The young woman with the dreamy eyes took her first creative writing class at Radcliffe (then called Harvard Annex) with the poet William Vaughn Moody, in 1894. She wrote a number of compositions that already show some eccentricity, if not in content, in her style of punctuation:
“She had not noticed the man before, she did not look at him now, but he ((,)) taking advantage of the position ((,)) leaned toward her rather heavily. She felt his touch. At first she was (oblivious to) only half aware of it, but soon she became conscious of his presence. The sensuous impressions (had done their work only too well. The magic charm of a human touch was on her) was in her and she (could) did not stir. She loathed herself but still she did not move.”
She is clearly talking about her own experience, something Stein would continue to do until the end of her life. All her writing, one can argue, is autobiographical.
Similarly candid is a self-portrait written for the class:
“…a girl rather stout, fair ((,)) and with a singularly attractive face, attractive largely because puzzling. Her mouth is just saved from complete severity by a slight fullness of the lower lip which seems rather an afterthought by her Creator. Her chin does its best to make up for this slip by hard lines of determination. Her nose just escapes being beautiful for at the last moment it drooped and spoiled its perfect shape.

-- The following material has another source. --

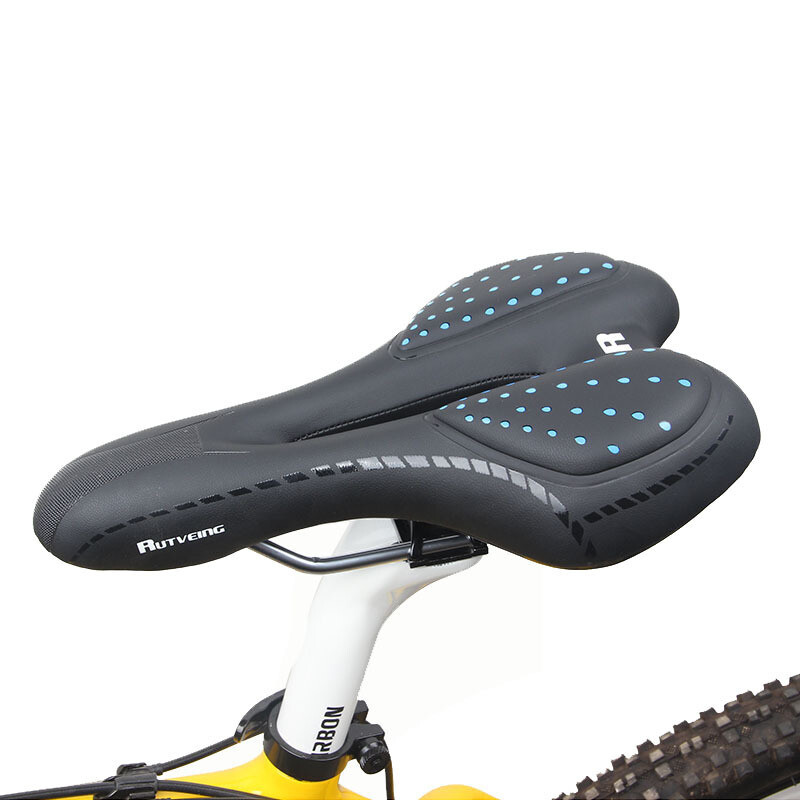 Bike Saddle MTB Mountain Road Bicycle Seat Gel Filled Soft Air Cushion Pad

Still in spite of these features she is distinctly lovable…
Promising beginnings?
Now look at the mastery of her narrative voice much later, in Paris France, the melody, the rise and fall of energy in a single paragraph, and how she places her few commas in a highly effective way:
“Then one day when I was at college at Radcliffe in Cambridge Massachusetts, I was on a train and sitting next to me was a frenchman. I recognised him as a visiting lecturer and I spoke to him. We talked about American college women. Very wonderful he said and very interesting but and he looked at me earnestly, really not one of them, now you must admit that, not one of them could feel with Alfred de Musset that le seul bien qui me reste au monde c’est d’avoir quelque fois pleuré.* I was young then but I knew what he meant that they would not feel like that.”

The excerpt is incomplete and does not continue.